Just be a Student, not a Guru; while being in Stock Market: Nilesh Shah, MD & CEO, Kotak Mutual Fund
Like other investors, my first experience was very bad, as I had to write-off almost 100% of investments. I read in Ramayana, as a child, that stones can float on the name of Ram, but, later after entering the market, I learnt that the stones can float only on Ram's name, not by the name of Ravana.
Nilesh Shah, Managing Director, Kotak Mahindra Asset Management Co Ltd., talks about the mistakes that a beginner should avoid while starting their journey in the stock market, what made him stay in the market for almost three decades and his learning from the market among others during a candid chat with Anil Singhvi, Managing Editor, Zee Business. Edited Excerpts:
Q: Tell us about the initial mistakes - you did while starting investing and working in the market - that beginner investors must not do?
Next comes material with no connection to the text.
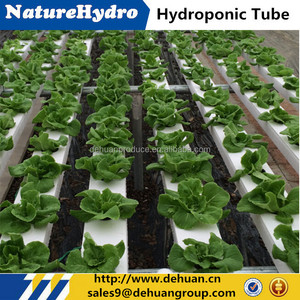 Thủy canh rau diếp phát triển guter NFT máng xối - Product Image 6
A: Like other investors, my first experience was very bad, as I had to write-off almost 100% of investments. I read in Ramayana, as a child, that stones can float on the name of Ram, but, later after entering the market, I learnt that the stones can float only on Ram's name, not by the name of Ravana. 1991-92 was Harshad Mehta's time when the stock prices of many companies grew in a way as if rockets were tied behind them. It was a time, when we turned up to be a momentum investors and my first experience was that the stocks that were bought today has doubled itself tomorrow and the one bought tomorrow doubled itself the next day and so on. It gave us the courage and we never knew the way the market operates. Initial success misled us a bit and turned us into egotists where we forget the differentiator between Ram and Ravana. With this, we invested in many companies that didn't have fundamentals.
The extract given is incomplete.